And yet Luke writes that they were filled with joy.
"And daily in the temple, and from house to house, they did not cease teaching and preaching Jesus as the Christ."
Acts 5:42They were being arrested and thrown in jail for preaching, and they were still teaching every day. That does not sound like a people who have found their settling place. That sounds like a people who know they have something worth suffering for.
Now, I am not saying that God does not give us good things. I am not saying that He does not provide or protect or give us moments of deep peace. He does all of that, and I have experienced it, and I am grateful for it.
But I am saying that maybe the restlessness is not a bug. Maybe it is a feature. Maybe the reason we do not feel at home is because we are not supposed to feel at home. Not completely. Not yet.
This Changes Everything About How We Live
If we are not meant to feel settled, then we stop trying to build a kingdom here. We stop pouring all of our energy into making this life comfortable and secure. We stop believing the lie that the goal is a nice house and a safe retirement and kids who never struggle.
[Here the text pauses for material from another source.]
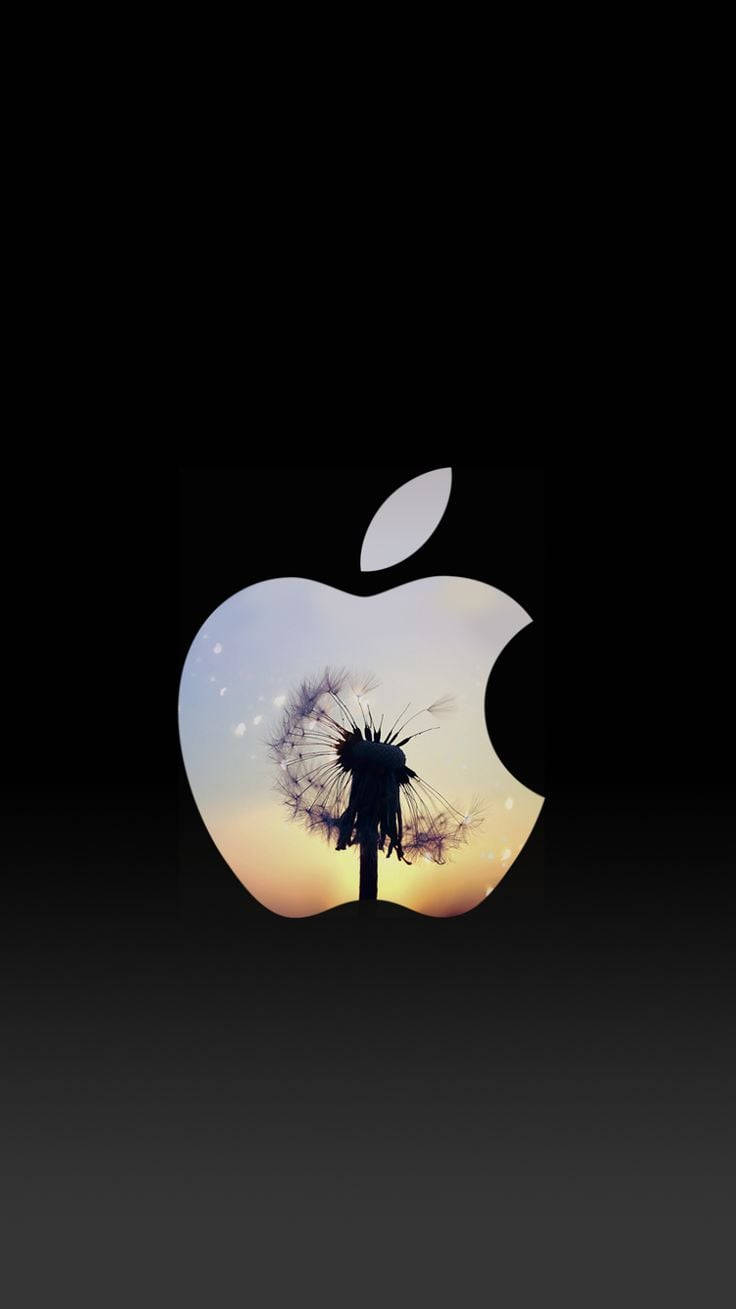 Apple Logo Cute Iphone Lock Screen Wallpaper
Instead, we start investing in something that will last. We start pouring our energy into people instead of things. We start speaking truth instead of making peace. We start giving away what we have instead of hoarding it for security. We start choosing the kingdom over the comfort.
And that is hard. And it costs something. And there are days when I do not want to do it. There are days when I want to just settle down and enjoy what I have built and stop fighting against the current.
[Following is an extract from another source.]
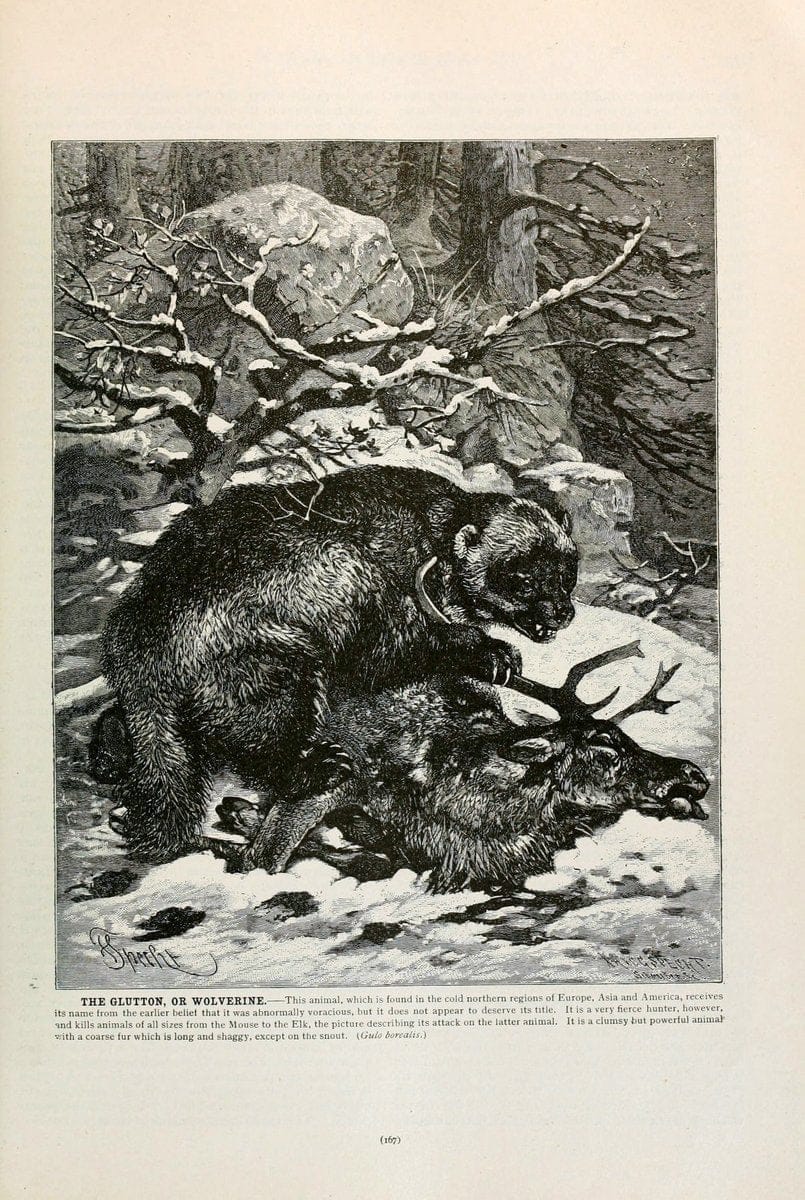 Brehm's Life of animals : Volume 1, MammaliaChicago :Marquis,1895. | "Animal behavior" Mammals  | Vintage Print Reproduction 463250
But then I remember that I belong to a kingdom that is not from here. And I remember that the God who invited me into this kingdom is the same God who left heaven to come and live among us, and He had nowhere to lay His head.
"Foxes have holes, and birds of the air have nests, but the Son of Man has nowhere to lay His head."
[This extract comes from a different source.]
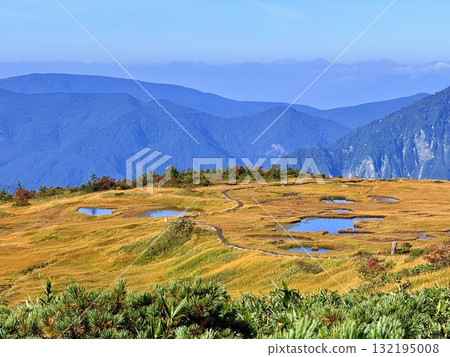 The marshland and boardwalk of Mt. Naeba, and the pond lit up by autumn leaves The marshland and boardwalk of Mt. Naeba, and the pond lit up by autumn leaves 132195008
Luke 9:58Jesus, the King of the universe, the King whose kingdom will never end, had nowhere to lay His head. That is either a scandal or a clue. And I think it is a clue. I think it tells us something about what we are signing up for.
Try This Today
Where are you trying to feel settled that maybe you are not supposed to feel settled? Is there an area of your life where you have been asking God to give you peace and security, when maybe what He wants to give you is purpose and restlessness? Take a moment to sit with that question. Do not rush past it.
Maybe it is okay to not feel settled. Maybe the restlessness is the Holy Spirit warning us that we have started to love this world a little too much. Maybe it is the gift of knowing that there is something more, something better, something coming.
Maybe we were never meant to feel at home here. And maybe that is not the problem. Maybe that is the point.
Father, thank You for reminding me that my citizenship is in heaven. Forgive me for trying to settle here, for trying to build a kingdom that will not last. Help me to invest in things that matter eternally. Give me the courage to live as a citizen of Your kingdom, even when it costs something. In Jesus Name, Amen.